Minha introdução ao teatro foi bastante despretensiosa. Nunca existiu a ideia de que eu me tornaria uma atriz mirim ou de que essa ocupação seria um trabalho, algo que gerasse dinheiro. Era simplesmente mais uma atividade entre tantas outras que eu fazia na infância. E, quando percebi, eu estava apaixonada. Me apaixonei profundamente e nunca mais quis sair. Entrei com 9 anos e só saí de lá com quase 17.
Aquele espaço e aquelas pessoas representaram um acolhimento fundamental para mim naquele momento da vida. Era um lugar onde eu podia experimentar ser uma criança e adolescente livre, protegida pelo teatro e por quem fazia parte dele. Fora dali, a realidade era outra — especialmente sendo uma menina negra. Ali, eu podia simplesmente viver, criar, sem vergonha ou medo. Foi o lugar onde superei minha timidez, que sempre aparecia fora do palco.

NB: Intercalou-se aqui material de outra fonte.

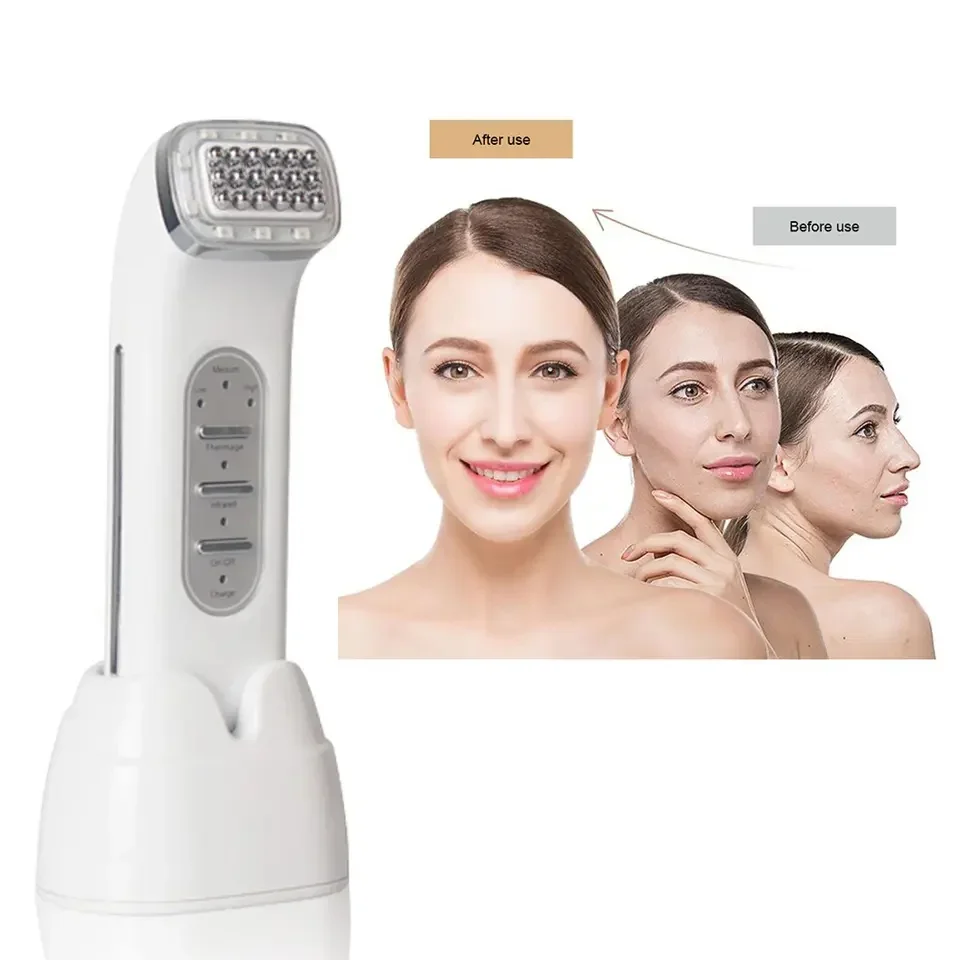 Handheld Facial Lifting and Firming Skin Home Introduction Instrument Dot Infrared Wrinkle Radio Frequency Beauty Instrument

O Centro Cultural Monte Azul é um verdadeiro oásis. Às vezes, parecia que eu nem estava em São Paulo, era um lugar mágico, onde relações frutíferas e trabalhos belíssimos aconteciam. Foi lá que conheci o trabalho de grandes companhias teatrais paulistas que se tornaram minhas referências. Era um espaço muito respeitado pelos grupos, e, mesmo sem ter contatos externos no mundo das artes cênicas, eu via essas pessoas lá dentro, trabalhávamos para recebê-las. Isso me deu uma perspectiva concreta sobre o que é fazer teatro, viver disso. O Monte Azul é um espaço transformador, com uma pedagogia eficaz e uma política profundamente respeitosa. Mudou a minha vida — e continua mudando a de muita gente.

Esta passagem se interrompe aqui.